After palpating me in various unsavory ways
and making me bend my head into several unnatural positions, he
rendered a verdict: a pinched nerve at the sixth cervical
vertebrae. He said I could either pay $500 for an MRI, or, since
there was no loss of strength (this, I gather, would have been bad),
I could go on anti-inflammatories for a couple of weeks and see how
things played out.
I selected the cheap, pharmaceutical option.
Going for the MRI at that stage would have been far too large a
concession of vulnerability. As an American man, I have a
battleship-strong sense of denial when it comes to medical issues. In
fact, it was an heroic effort of will (no pun intended) just to make it
to the doctor in the first place. Like most American men, I won’t go
see a doctor unless a bone or major internal organ is protruding
through my skin. And even then it’s a toss-up. Is there a good ball
game on?
I did, however, make one extra concession to medical adventure.
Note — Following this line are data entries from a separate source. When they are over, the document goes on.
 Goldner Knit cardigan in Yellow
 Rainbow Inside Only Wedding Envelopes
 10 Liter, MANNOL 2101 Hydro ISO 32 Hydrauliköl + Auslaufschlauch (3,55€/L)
I agreed to go see my wife’s Chinese doctor.
And this raises another American medical prejudice. Americans are raised to believe that all medicine is
Star Trek.
If a medical therapy doesn’t involve nitrogen-cooled electromagnets or
a particle accelerator and flat-panel video screens, it’s stone-age
witch-doctor crap not worth pursuing. This maximal approach to medicine
explains why America’s health system is such a dysfunctional wreck.
When even stubbed toes require PET scans, something has got to give.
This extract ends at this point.